The story starts with a sprig of lemon myrtle. “When Rene spoke at the Sydney Opera House back in 2010 about his philosophy of using native produce in order to express a certain time, place, history, sense, flavour, tradition, memory and feeling of a country, it was a lightbulb moment for me,” says Kwong. “It revolutionised the menu at Billy Kwong and the way I think about food and this country. Rene set off that spark.”

Kwong became a convert to putting place on the plate. “I am an Australian, I’m in Australia, I want to use Australian produce and I want to offer my customers the flavour of Australia,” she says.

When the Noma contingent arrived in Sydney in January 2016 for their 10-week residency at Barangaroo, Billy Kwong was one of their culinary pitstops. “About 100 Noma staff came through our doors during that time,” says Kwong. “Rene had told them to come to us to experience our version of Australian-Chinese food. His acknowledgement and support really put us on the international map and we had many overseas food writers, reviewers, journalists and chefs visit in that time.
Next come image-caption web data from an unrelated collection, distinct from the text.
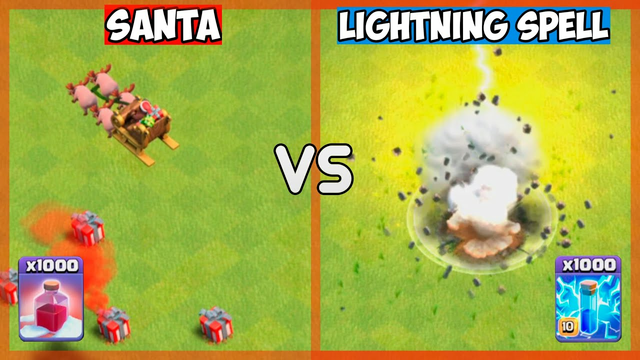 Lightning Spell VS Santa's Surprise | Clash of Clans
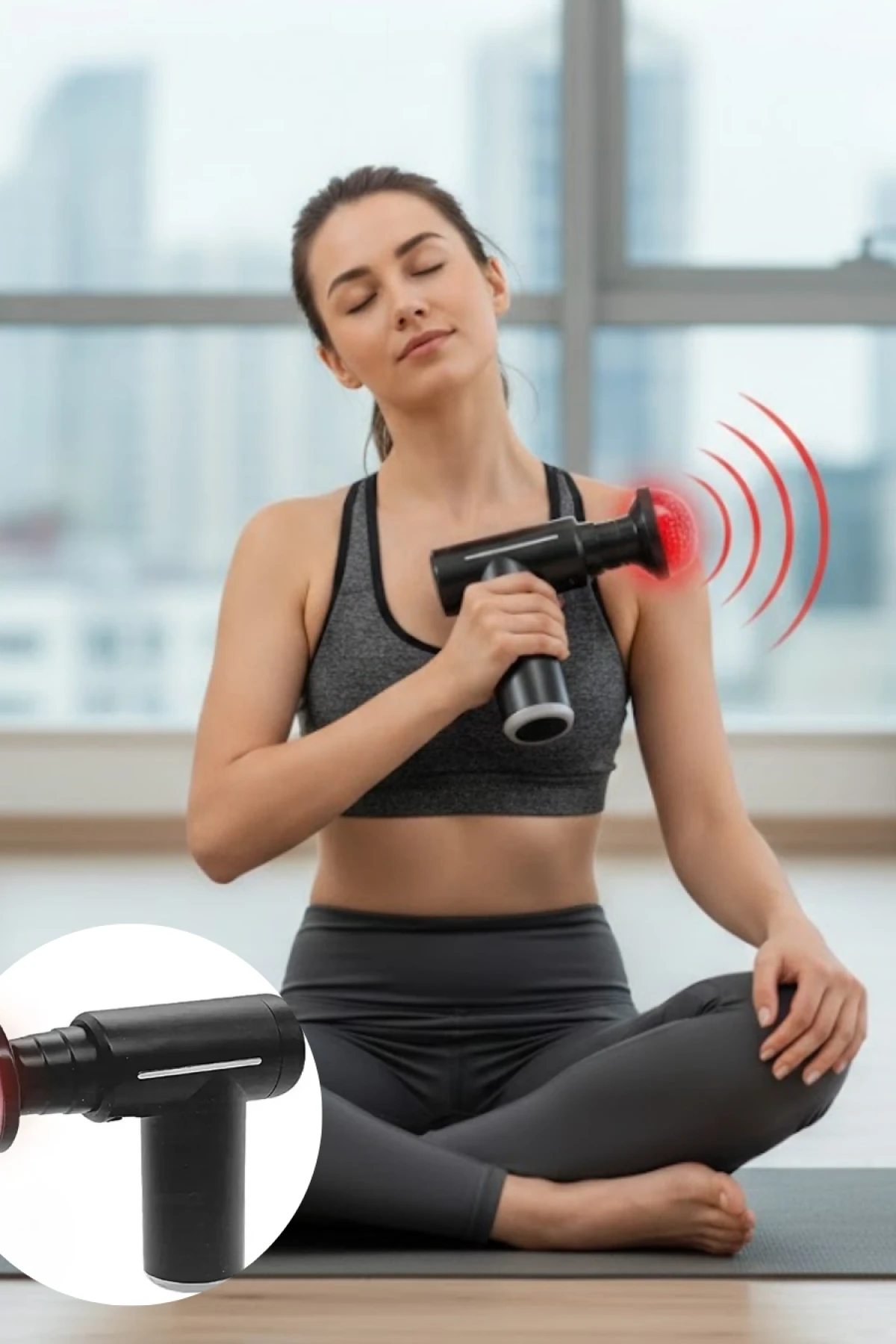 M34 Isıtmalı Masaj Tabancası – Sıcak Soğuk Terapi, 3200 RPM, 6 Başlıklı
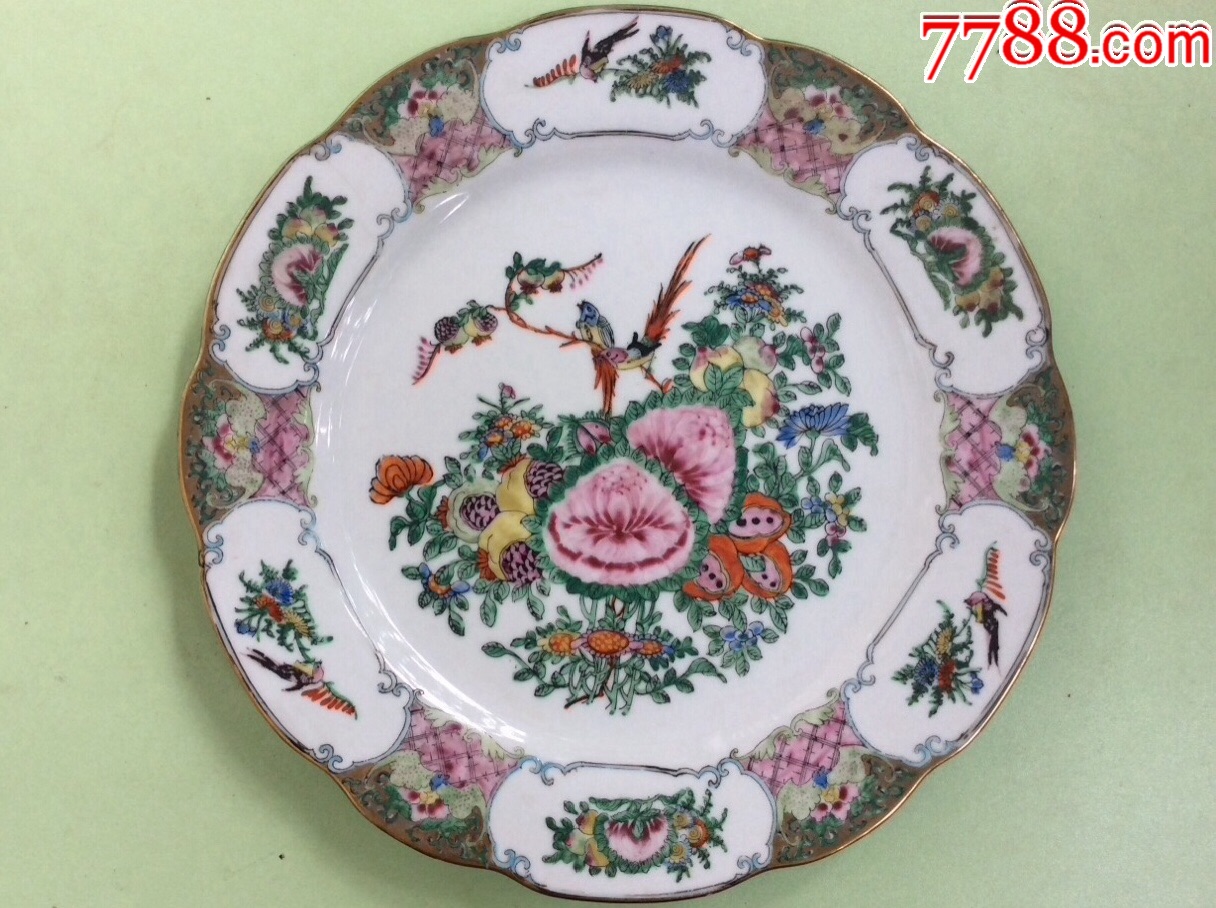 广彩花鸟花口瓷盘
It was both exhilarating and nerve-wracking.”

The friendship opened new doors for Kwong and her participation in three Redzepi projects that year – MAD SYD, a talk event at the Sydney Opera House alongside Redzepi, Momofuku’s David Chang and Italian chef Massimo Bottura, the inaugural MAD Institute at Yale (a program held in conjunction with the university’s food studies program that’s designed to broaden chefs’ horizons) and MAD5 – has meant that many more people have heard from and about her.

Kwong appreciates that Redzepi is so inclusive. “He’s community oriented and views his staff as family, which I find lovely,” says Kwong, who has a suite of her own community collaborations at Billy Kwong. “He’s inclusive and understands the importance of sharing knowledge and discoveries. The nano second he and his team discover something new, it’s up on social media for the whole world to see and learn from.”
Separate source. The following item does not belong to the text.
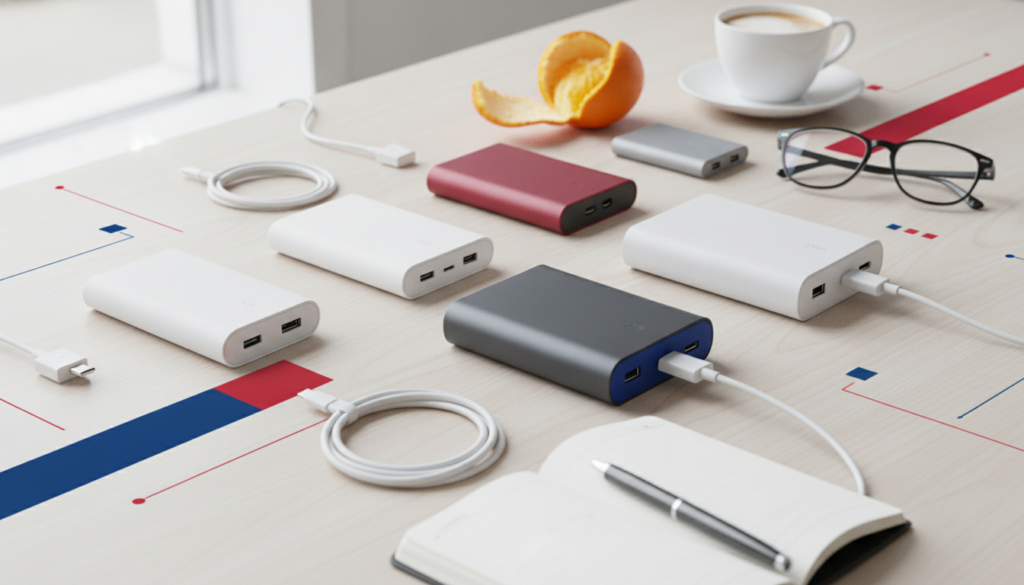 Editorial header photo for a swiss consumer checklist article titled "Powerbank Checkliste Schweiz". Photorealistic, bright, friendly consumer-magazine style, no text, no logos. Use #f2504e and #006bbd as accent colors.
As a practising Buddhist, Kwong doesn’t look to the future so much as pay attention to what is happening in this moment. Even so, she was caught up in all the possibilities that the theme of Tomorrow’s Kitchen presented at the MAD Institute at Yale. The project brings together academics and chefs, creating an intellectual ferment designed to get chefs thinking creatively and critically about systemic issues to do with food. It was a life-changing experience for Kwong. Not only was it her first experience of a university environment, but she viewed the earliest cookbooks known to exist and got to hang out for four days with Redzepi and a bunch of other leading chefs. 

When it came time to take the stage at MAD5, she was ready to talk about the kind of kitchen she’d like to see in the future. “I spoke about my dream of being able to offer my chefs and key floor staff a working week where they only spent four days in the restaurant with the fifth working day set aside for creativity, brainstorming, field excursions or get-togethers.

“It’s very much a dream, but if I’ve learned anything from Rene it’s to be curious, question everything and to not be afraid to let go of old ideas or old ways of doing things.”

"If I’ve learned anything from Rene it’s to be curious, question everything and to not be afraid to let go of old ideas or old ways of doing things."